● **What is expected**
Would you transcribe the listing exactly as it stands, minus any images?

_ _ _ _ _

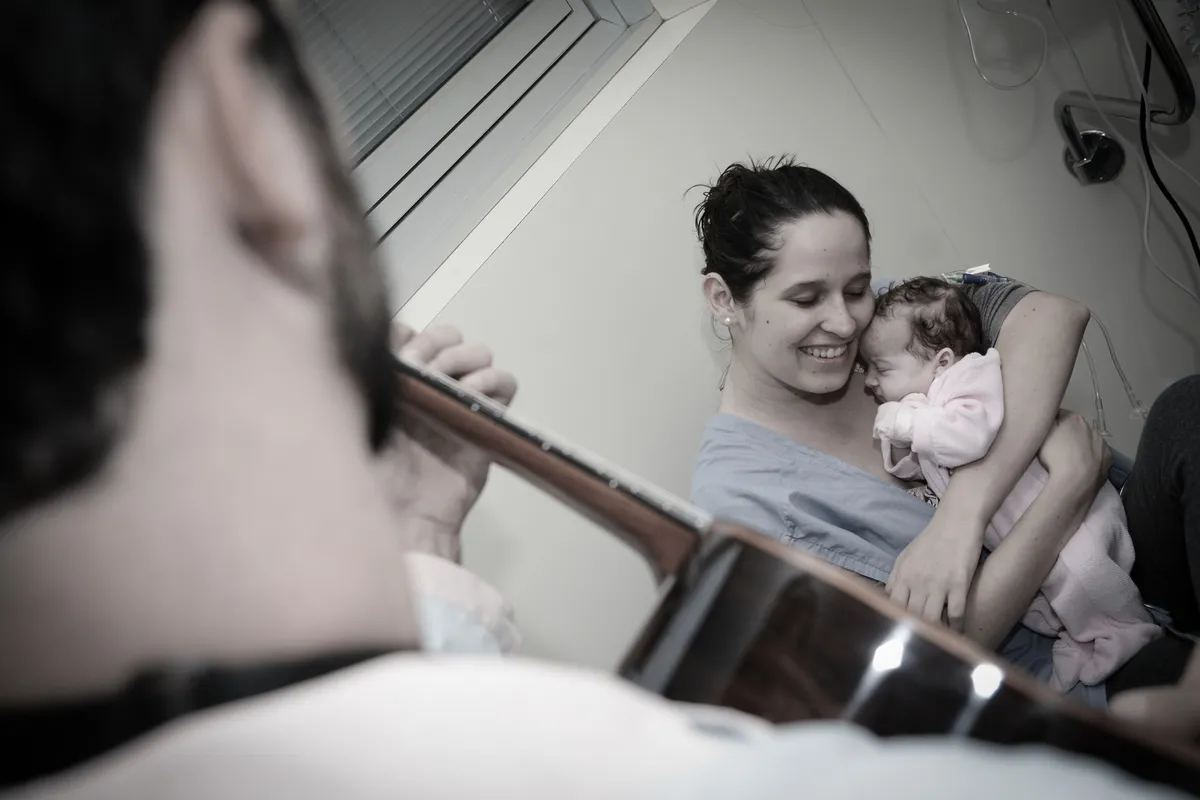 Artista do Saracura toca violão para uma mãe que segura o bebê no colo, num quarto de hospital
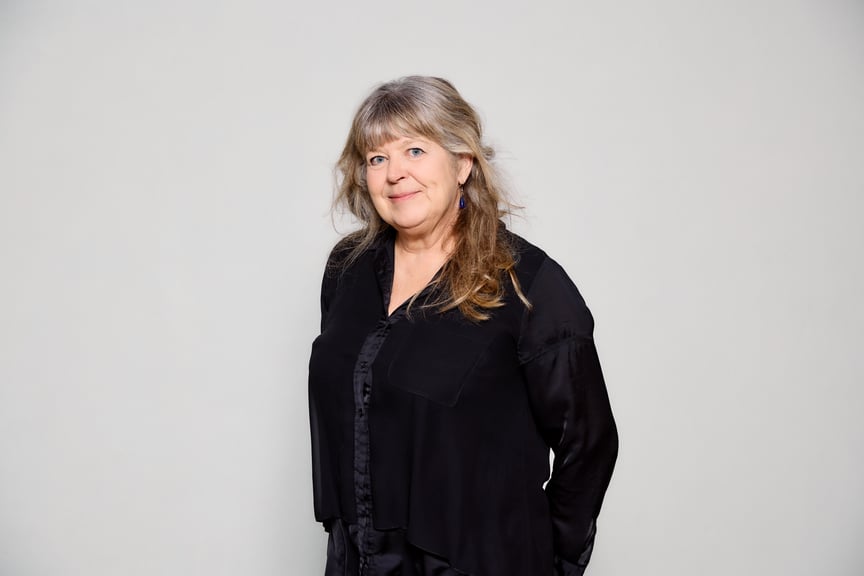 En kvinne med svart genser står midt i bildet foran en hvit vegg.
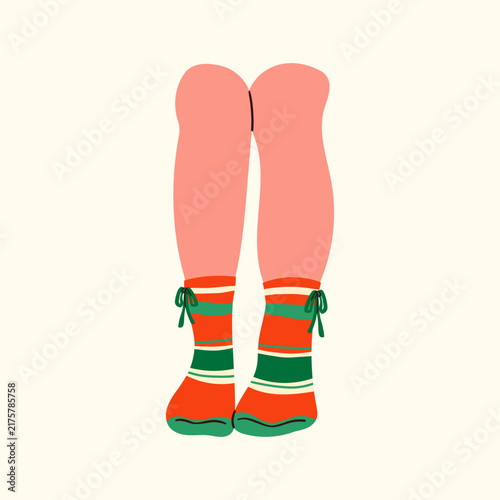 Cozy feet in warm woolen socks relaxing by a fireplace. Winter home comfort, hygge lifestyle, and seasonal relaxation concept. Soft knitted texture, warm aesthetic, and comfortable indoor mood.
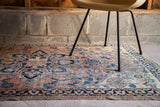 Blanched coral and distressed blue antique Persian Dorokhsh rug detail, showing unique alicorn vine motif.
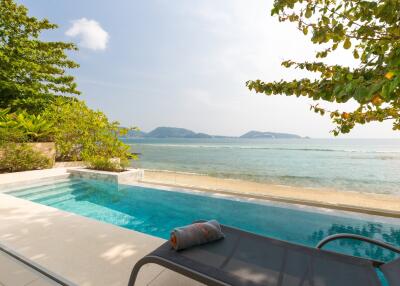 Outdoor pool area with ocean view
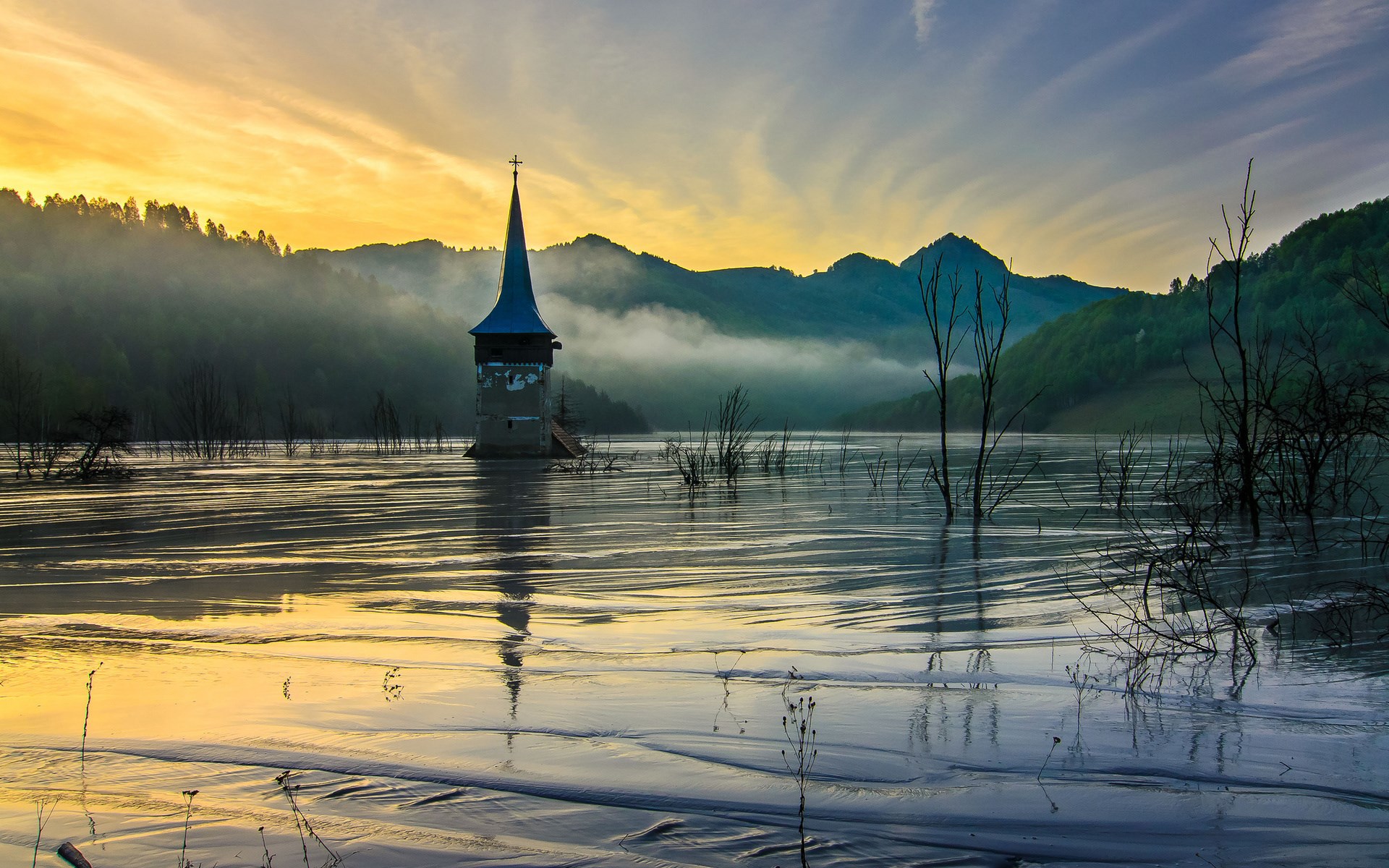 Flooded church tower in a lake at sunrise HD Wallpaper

_ _ _ _ _

● **Answer**
 Artista do Saracura toca violão para uma mãe que segura o bebê no colo, num quarto de hospital
 En kvinne med svart genser står midt i bildet foran en hvit vegg.
 Cozy feet in warm woolen socks relaxing by a fireplace. Winter home comfort, hygge lifestyle, and seasonal relaxation concept. Soft knitted texture, warm aesthetic, and comfortable indoor mood.
 Blanched coral and distressed blue antique Persian Dorokhsh rug detail, showing unique alicorn vine motif.
 Outdoor pool area with ocean view
 Flooded church tower in a lake at sunrise HD Wallpaper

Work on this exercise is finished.